To The News and Courier:

It was back in the days of 100 years ago that my Great Grandfather George M. Bunker, a Quaker and an ardent Abolitionist, was representative to the Massachusetts legislature from the famous whaling port of Nantucket Island.

In this period before the great war he had become a staunch friend of Frederick Douglass, the noted lawyer and leader of the Negro cause throughout the North. I remember being told of the time when great grandfather invited this eminent Negro statesman to his home for dinner but my great grandmother Abigail's idea of social equality stopped at this point by refusing to become a hostess even to as potent a figure as this great Negro leader.

Later on, my grandparents employed in their household a former Negro slave who gave birth in the basement of our home to a child named Elizabeth Carter who later became one of the leaders of the NAACP in Washington. And later in life it was my privilege to have shared the friendship of the late H. T. Burleigh who has also become one of the immortals of the Negro race.
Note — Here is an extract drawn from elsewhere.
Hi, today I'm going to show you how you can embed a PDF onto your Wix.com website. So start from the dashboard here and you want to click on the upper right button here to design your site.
His arrangements of "Deep River" and other well known spirituals, so touching melodies as "Little Mother of Mine" and his last composition, so popular today, "Were you there when they crucified my Lord," have left their mark on American music.

These associations taken from the lives of an old New England family would seem to have little connection with the present day problem of segregation, but this problem so vital in many American homes has brought some of us with young daughters face to face with school zoning laws that compel attendance at integrated schools in equal numbers.
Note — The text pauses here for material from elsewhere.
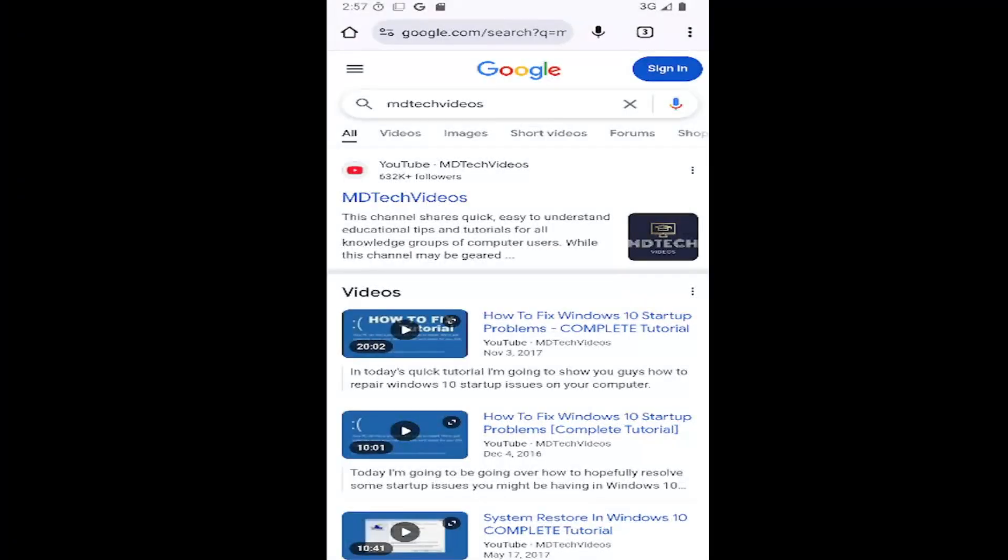Hello everyone, how are you doing? This is MD Tech here for another quick tutorial. In today's tutorial, I'm going to show you how to turn off autocomplete with trending search results that appear on the Google search result page on your mobile browser.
Faced with these problems, it becomes the duty of a parent to speak out frankly on this subject, if you will allow me space in your columns to do so.

In the distant Union of South Africa, and also throughout the Southland, the problems of racial relations have arisen which now call for decisive action. Previous to the recent Supreme Court decision, these questions were being worked out satisfactorily by the erection of new schools with separate but equal facilities.

But hot-heads and unreasoning men determined to push the doctrines of equality before our highest tribunal.

They based their arguments on social justice, which they knew was practically unobtainable but to which pleas the justices on the Supreme Court gave a hearing, knowing that such Utopian doctrines were contrary to the laws of eugenics and from an ethnological standpoint a philosophy of race destruction.

That political expediency was back of the major part of this agitation throughout the country is a certainty, where conniving politicians stop at nothing in their quest for votes; but when any body of men, including our august court, assume that by the issuance of a decree the barriers to discrimination can be abrogated, then they are propounding a doctrine that humanity has never solved nor probably ever will as long as social and class distinctions exist on earth. And they exist today right in this land throughout all strata of society, even in military, government and court circles.

In South Africa, Prime Minister Strijdom has had to face the reality of this problem in a bold manner. It was either racial extinction for the white race there or the infiltration of one race with the other which would eventually produce the type of mulattoes found in the Cape Province. So it is that the problems of South Africa and our Southern States are quite similar for the doctrine of apartheid in the former country becomes segregation over here the separating of races into ethnological groups to preserve each race from total extinction.

That the Supreme Court has exceeded its authority has been the recent opinion of several Virginia solons and also one voiced by a South Carolina senator.

Should this law be enforced everywhere, it would eventually change the entire social system of this country and in time bring about new racial strains.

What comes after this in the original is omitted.